Considering the harsh climate and lack of good farming soil one billion no no. 350 million is a better bet.

it has ukraine and poland, the best farmland in europe by far, if they develop towards industrialized, market driven agriculture (like everyone else who didnt collapse into civil war, anarchy or communism) they should support a far far larger population. considering how the soviet union had nearly 300 million people in 1990...yeah, they had to import food but that was due to the usual communist economic clusterfuck. the russian economy doesnt have to run at german efficiency, spanish efficiency is more than enough, the population ceiling is far higher than 350 million.

also some of their neighbors have good farmland. and russia has lots of big sticks.

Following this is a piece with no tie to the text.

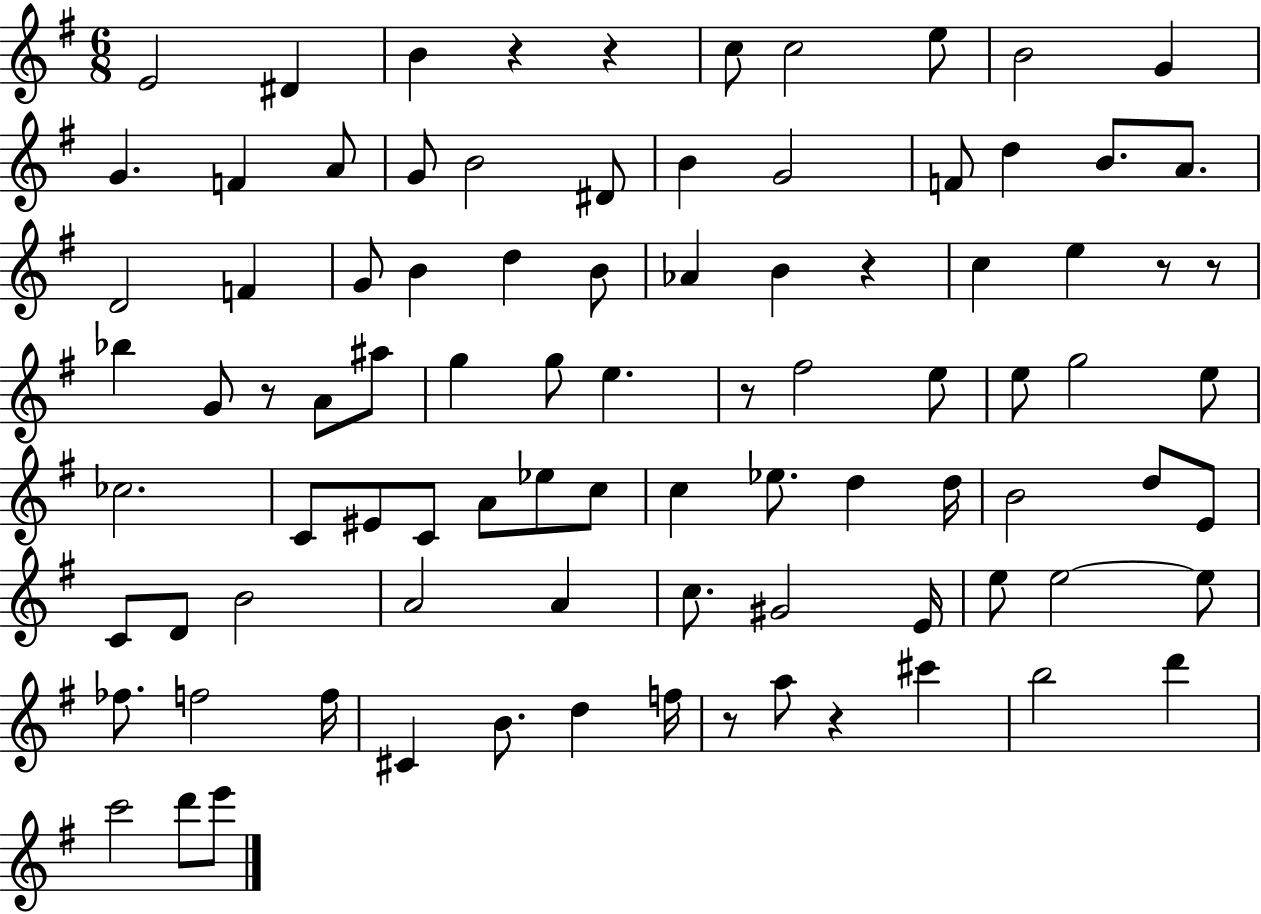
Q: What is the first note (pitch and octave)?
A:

some data on how shitty soviet agriculture is:
Hedrick Smith wrote in The Russians (1976) that, according to Soviet statistics, one fourth of the value of agricultural production in 1973 was produced on the private plots peasants were allowed (2% of the whole arable land).[18] In the 1980s, 3% of the land was in private plots which produced more than a quarter of the total agricultural output.[19] i.e. private plots produced somewhere around 1600% and 1100% as much as common ownership plots in 1973 and 1980. Soviet figures claimed that the Soviets produced 20–25% as much as the U.S. per farmer in the 1980s
 
It depends how surviving Russian Empire would develope and what kind of history it has, but I don't see billion being realistic. Without Stalin and WW2 or lesser devastating Stalin population would be higher as population of OTL Russia + these areas which were part of RE. I guess that 350 - 400 million is pretty near. Perhaps even 500 million but note more.
 
I did some calculations based on a Russia without the population shocks of the wars, Stalinism or Communism. Keep in mind that before World War I, Russia had a far higher birthrate than countries in the west, its demographic trends were most comparable to those of Serbia, Bulgaria and Romania, below is a comparison of births per 1,000 in 1914.

1914
Russia 44
Italy 32.4
Austria 31.3
Germany 28.3
Australia 27.5
USA 27.2
Denmark 25.6
Norway 25.4
UK 24.3
Belgium 22.9
France 19.0

A better comparison is the 1906-1910 average

Russia 45.4
Bulgaria 42.1
Romania 40.3
Hungary 36.7
Austria 33.6
Spain 33.6
Italy 32.4
Germany 31.7
Finland 31.0
Netherlands 29.6
Denmark 28.2
Netherlands 29.6
Scotland 27.6
Australia 26.7
New Zealand 26.6
Norway 26.3
England & Wales 26.2
Switzerland 26.0
Belgium 24.7
Ireland 23.4
France 19.9

Russia did have a higher mortality rate, however its rate of annual average increase was still higher than countries with net immigration (New Zealand, Australia, Germany).

NATURAL INCREASE PER YEAR RATE 1906-1910
Bulgaria 1.8%
New Zealand 1.7%
Russia 1.7%
Australia 1.6%
Denmark 1.5%
Netherlands 1.5%
Finland 1.4%
Germany 1.4%
Romania 1.4%
Serbia 1.4%
Norway 1.3%
England & Wales 1.2%
Hungary 1.2%
Scotland 1.2%
Austria 1.1%
Italy 1.1%
Sweden 1.1%
Switzerland 1.0%
Belgium 0.9%
Spain 0.9%
Ireland 0.6%
France 0.1%

According to the 1897 census the Russian Empire had 125.6 million people, by 1916 that figure had risen to 181.5 million.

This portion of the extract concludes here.